# EXERCISE DESCRIPTION
Without pictures, repeat exactly the lines from the one containing "Building Photo - 5995 N 78th St" through the end of the entries.

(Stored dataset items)

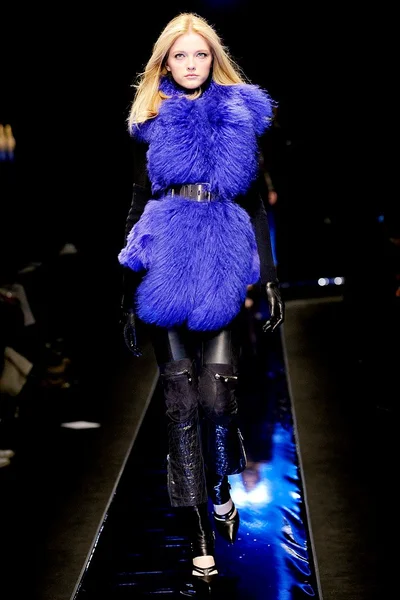 Look 19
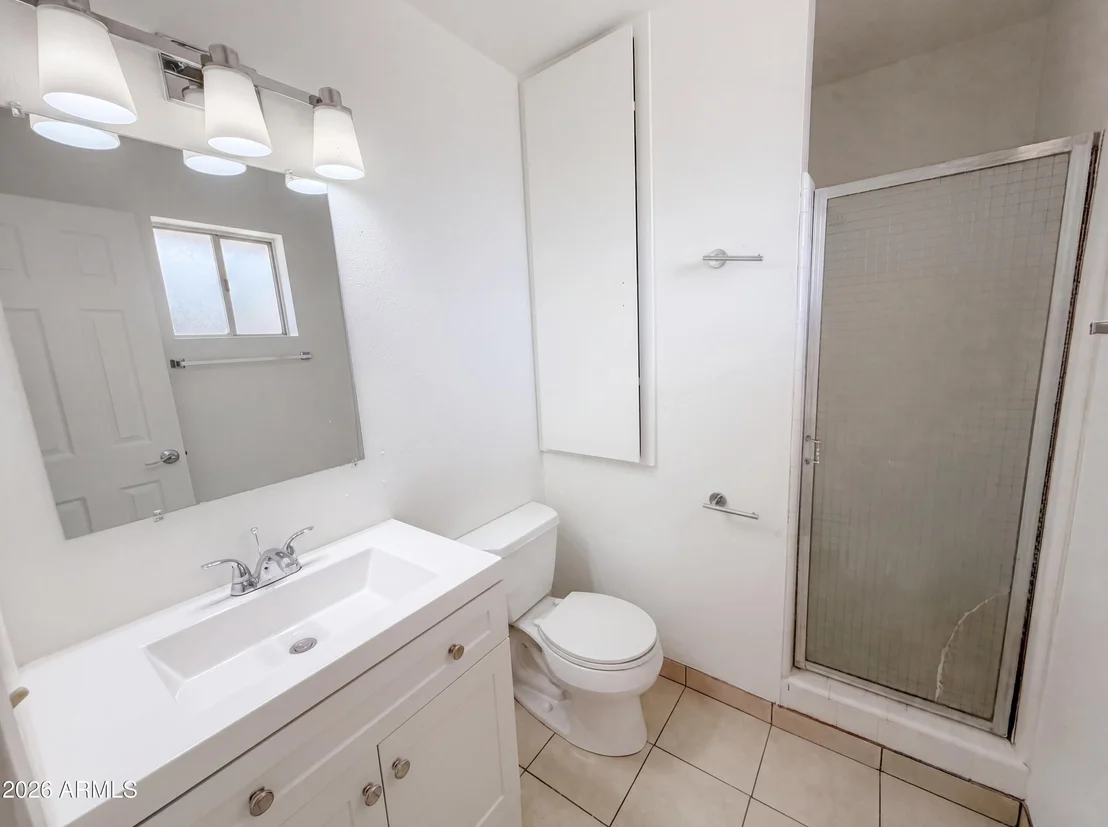 Photo of 438 N ASH --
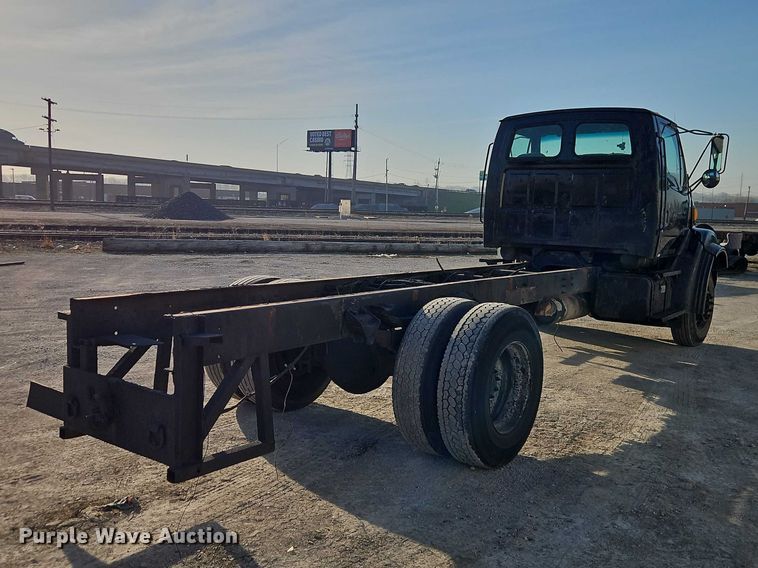 image for item EO7122 2000 Sterling Truck L7500 Series truck cab and chassis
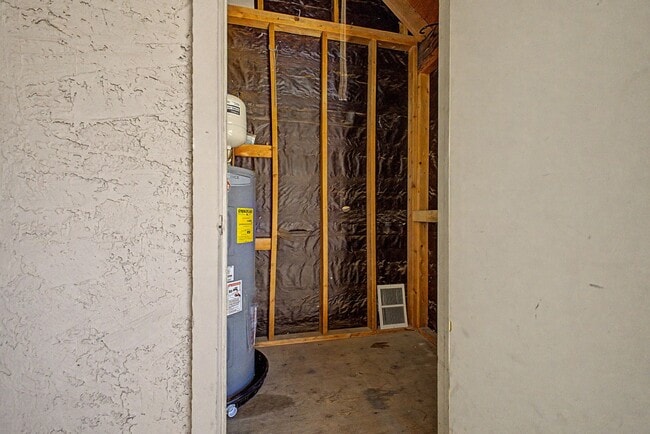 Building Photo - 5995 N 78th St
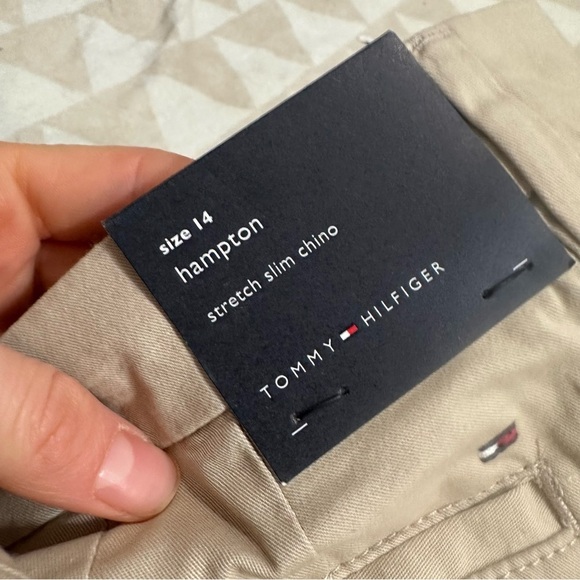 Tommy Hilfiger
Women's TH Flex Hampton Cuffed Chino Straight-Leg Pants, khaki - Picture 4 of 4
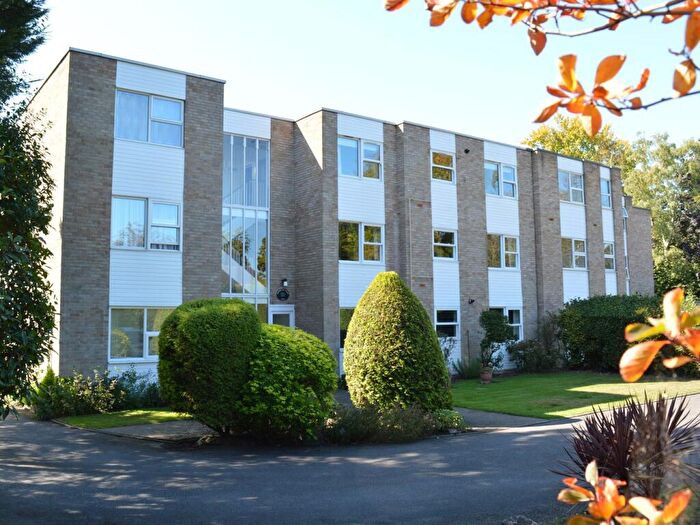 2 Bedroom Apartment For Sale In Woodview Court, Queens Road, Weybridge, KT13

# ANSWER FOR THIS EXERCISE
 Building Photo - 5995 N 78th St
 Tommy Hilfiger
Women's TH Flex Hampton Cuffed Chino Straight-Leg Pants, khaki - Picture 4 of 4
 2 Bedroom Apartment For Sale In Woodview Court, Queens Road, Weybridge, KT13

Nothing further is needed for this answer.